::: INFORMATION
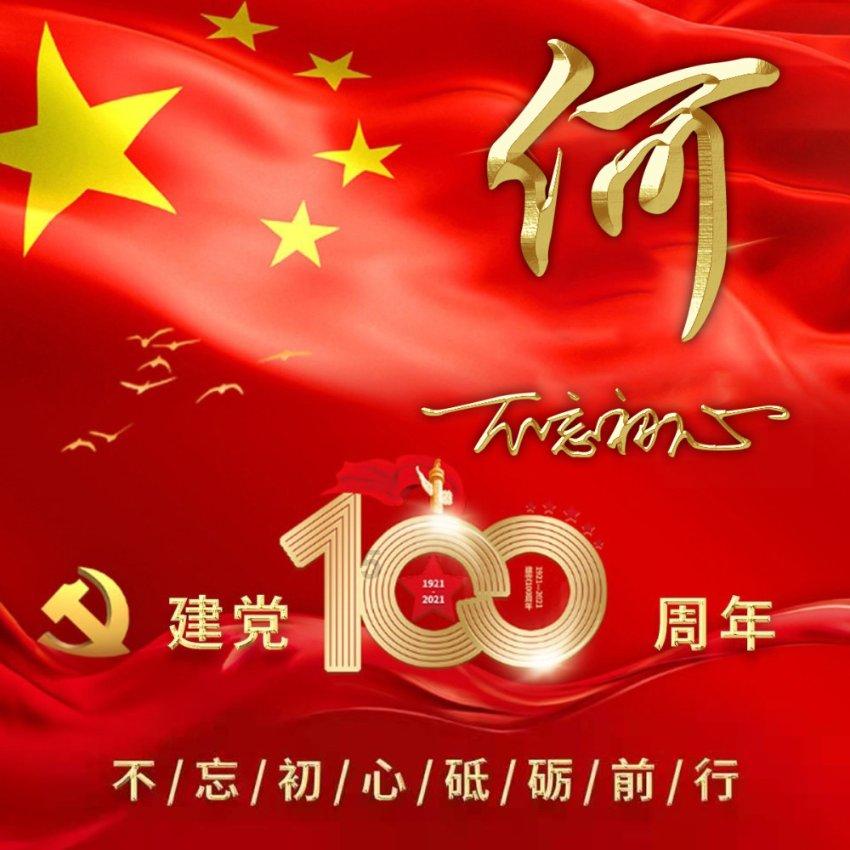 小奶猫听到主人说自己丑，委屈的直哭，网友：嫌丑送给我！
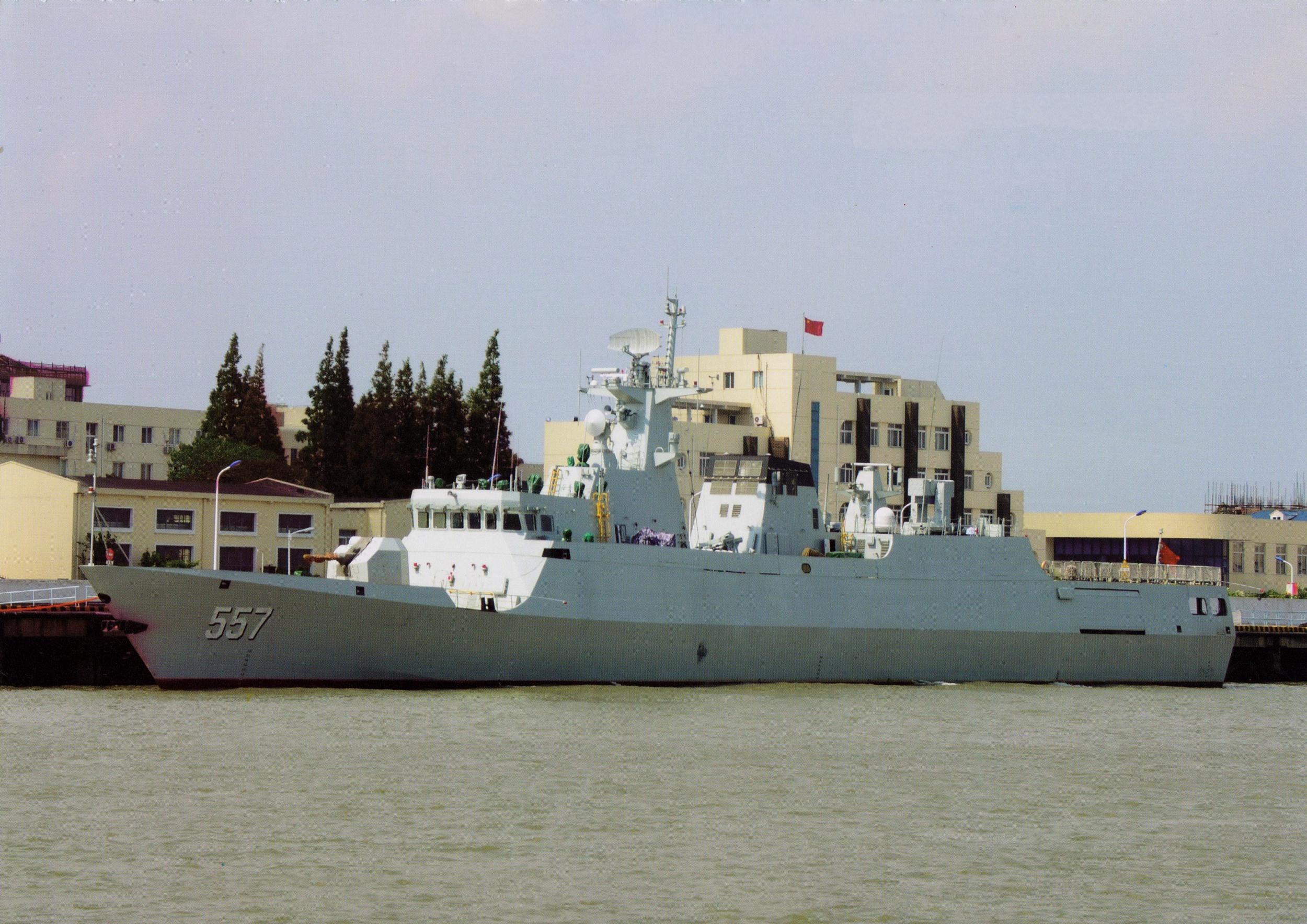 6月1日,056a型护卫舰557南充舰入列南海舰队护卫舰十七支队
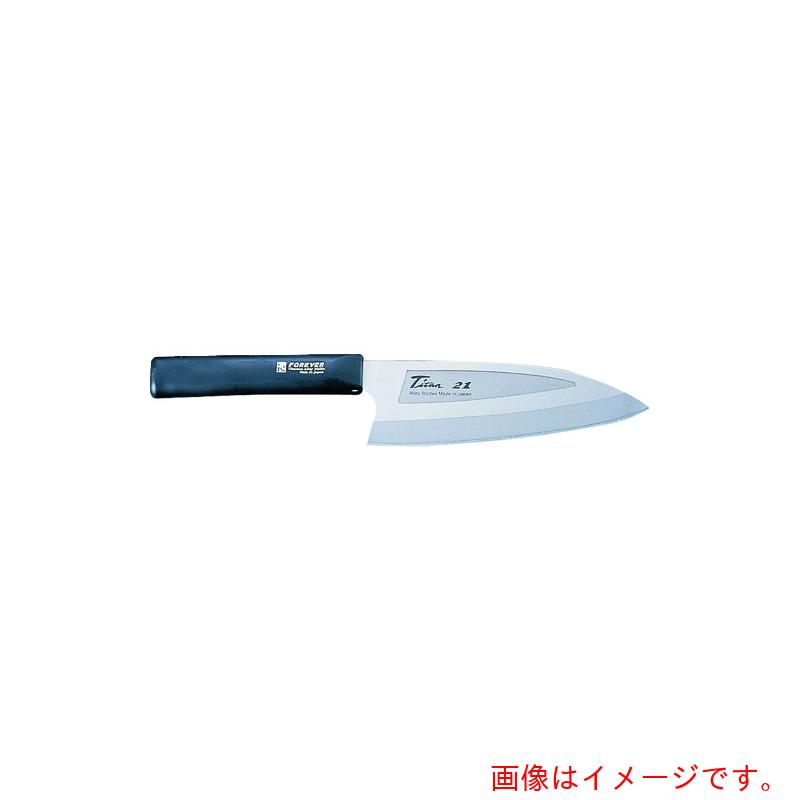 遠藤商事（TKG）　フォーエバー　銀チタン　中出刃庖丁　ＣＧＴ－１６ＤＹ　１６ｃｍ　【品番：AGV0201】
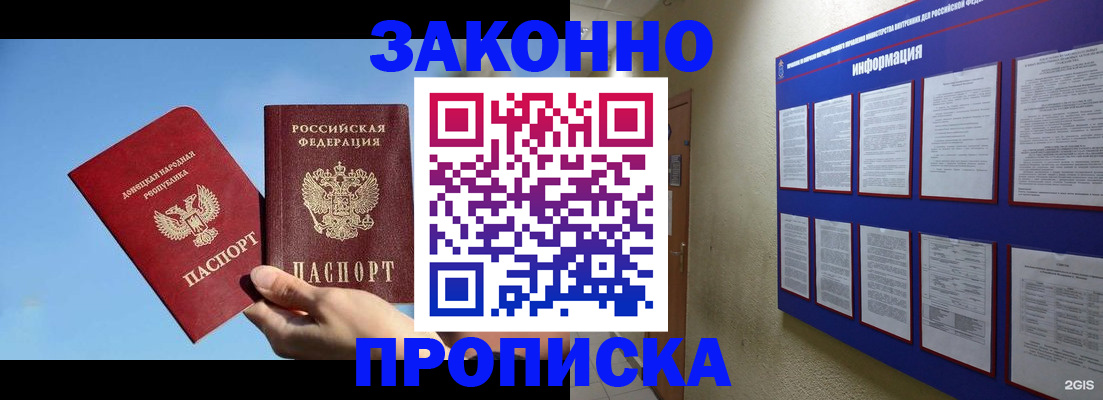 прописка гарантия в Ишимбае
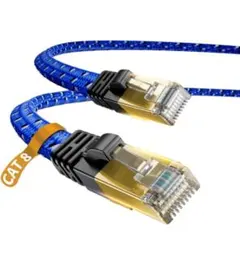 CAT8 LANケーブル 1m 超高速インターネットケーブル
::::::
WHAT TO PRODUCE
Leaving out only the pictures, reproduce the listing exactly.

WRITTEN ANSWER
 小奶猫听到主人说自己丑，委屈的直哭，网友：嫌丑送给我！
 6月1日,056a型护卫舰557南充舰入列南海舰队护卫舰十七支队
 遠藤商事（TKG）　フォーエバー　銀チタン　中出刃庖丁　ＣＧＴ－１６ＤＹ　１６ｃｍ　【品番：AGV0201】
 прописка гарантия в Ишимбае
 CAT8 LANケーブル 1m 超高速インターネットケーブル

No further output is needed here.